Free-forming over the top of this is a harpsichord-sounding lead which some reports say was the Minimoog, but to be honest, it’s such a simple sound that it could have been any one of a number of keyboards, perhaps their Farfisa organ.
More ‘dance music’ than even the 4/4 ‘kick’ feel is a squelching 16-note bass line. It’s so acid-like it could have been lifted from DJ Pierre’s house in Chicago in the mid ’80s’. Here we’re guessing that the Minimoog provided the squelching, all manually controlled with the filter.
What we have with Kristallo are two core elements of dance music firmly in place – and it’s only 1973.
Whether by pure experimentation or by driving towards a sound that they anticipated would take hold in the future, Kraftwerk were nearly a decade ahead of their time.
Indeed, techno arrived in the early ’80s, with the soul-infused house manifesting towards the middle part of that decade. Acid exploded everywhere with the second summer of love as the ’80s closed, and then there were smiles everywhere as the ’90s embraced everything and anything dance, whatever your tempo.
Kraftwerk’s influence was of course, a key part of that dance music origin story and their shadow loomed over many future developments.
But it isn’t Kristallo that is hailed in the annals of electronics music history. That honour falls to better-known Kraftwerk songs like Trans-Europe Express and Numbers.
Kristallo very much went under the radar on its release. The double tempo addition at the end of the song didn’t help (and the winding lead starts to annoy after a while too) and Ralf & Florian, the album from which it came, only found limited success.
It wouldn’t be until Kraftwerk’s next album, Autobahn, that the band would truly find their groove, with the synth-driven title track kicking off their classic period.

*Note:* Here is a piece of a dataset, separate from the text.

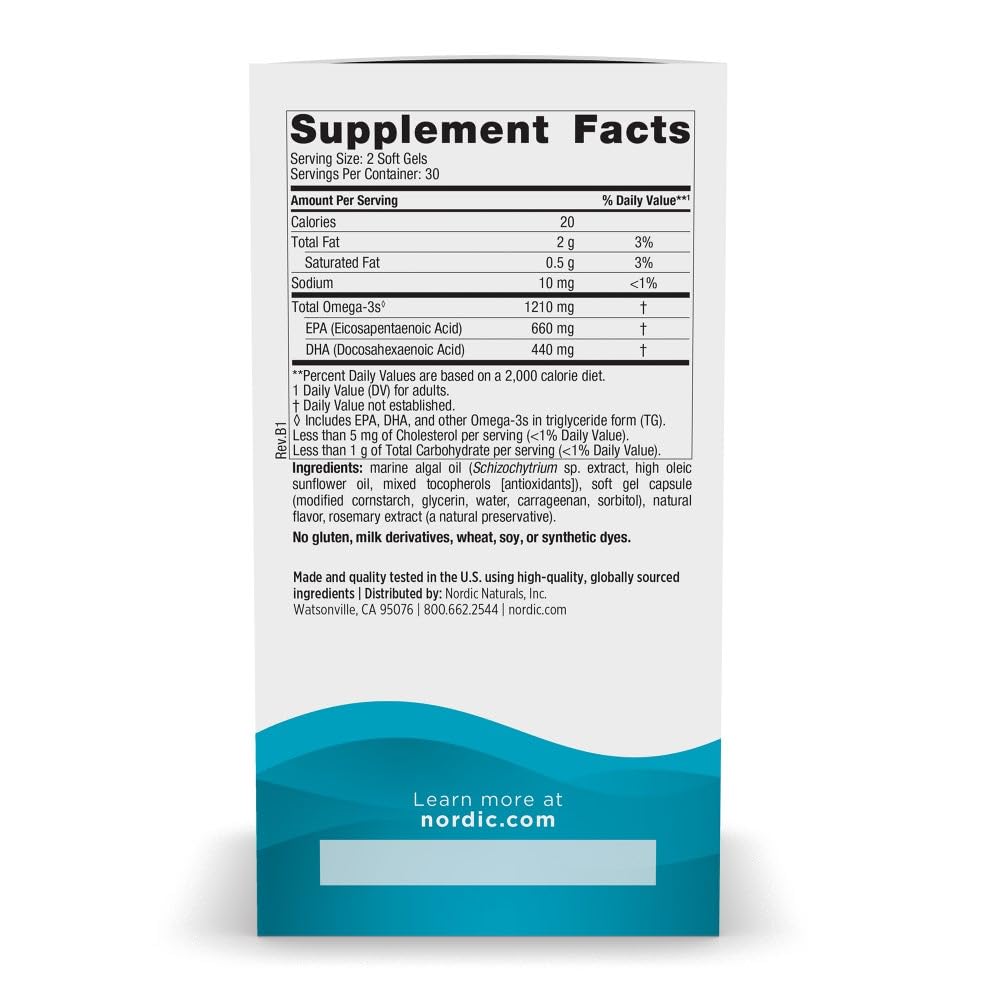 Nordic Naturals Plant Based Ultimate Omega, Lemon Flavor - 60 Vegetarian Soft Gels - 1210 mg Omega-3 - Vegan EPA and DHA - Supplement Made from Algae - Brain & Heart Support - Non-GMO - 30 Servings Nordic NaturalsBuy Supplements Australia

But, from a historical point of view, Kristallo remains one of their most intriguing pieces of music. Crucial evidence that the DNA of electronic dance music was permeating the sonics of the earliest incarnation of the band.

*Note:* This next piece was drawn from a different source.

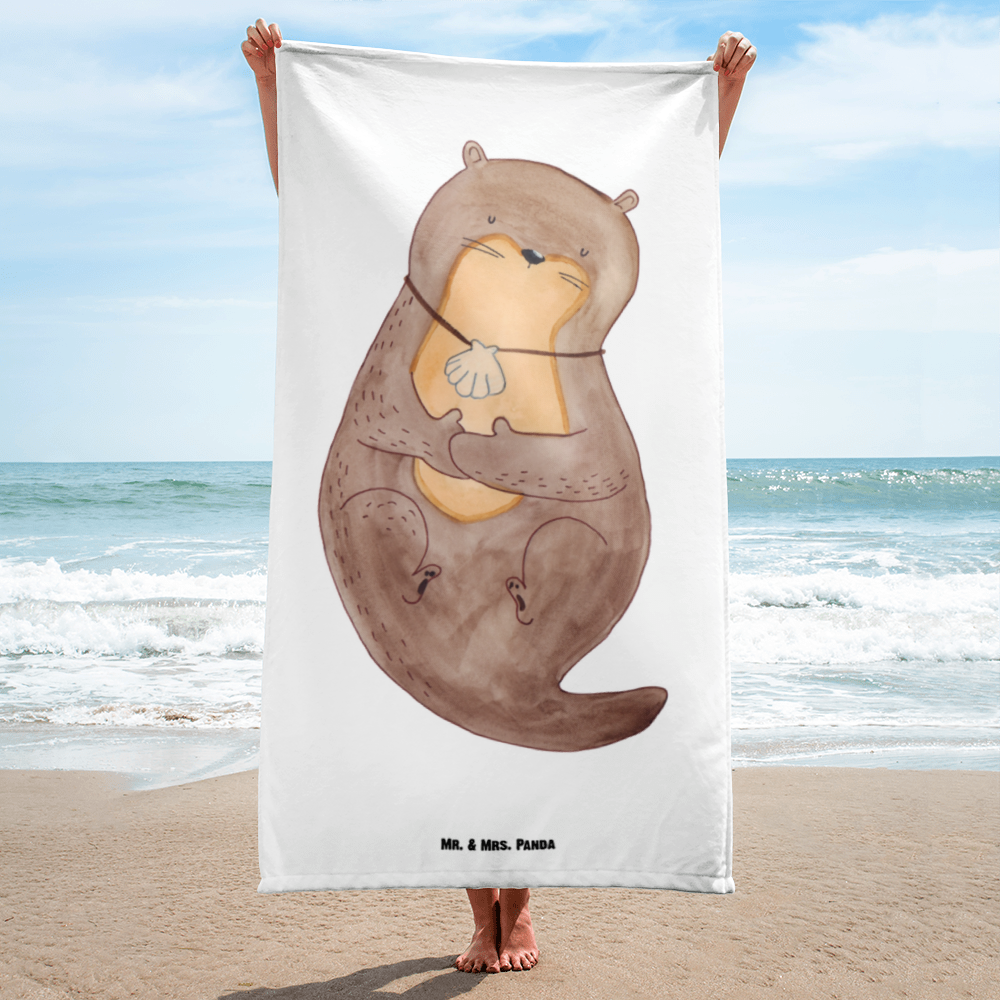 XL Badehandtuch Otter mit Muschelmedaillon Handtuch, Badetuch, Duschtuch, Strandtuch, Saunatuch, Otter, Fischotter, Seeotter, Otterliebe, grübeln, träumen, Motivation, Tagträumen, Büro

As well as its 4/4, acidic predictions, perhaps it marked something even more pivotal to the band – a time where the man-machines at Kling Klang were first unleashed.
“We call it the electronic garden, because it is continually regenerating,” Ralf said of the studio’s evolution in 1991. “Now it is completely modular so that we can pick out certain units and replace them. We kept all our old synthesizers from all the different phases in storage, because they were of very little value once they were superseded, but today we have all this old analogue equipment back in place! It’s really very good. Moving over to digital has in no way superseded analogue.
“We have always considered any sound source. It’s just sound. Kling-klang is the German word for sound, so we have always had a fascination for sound.”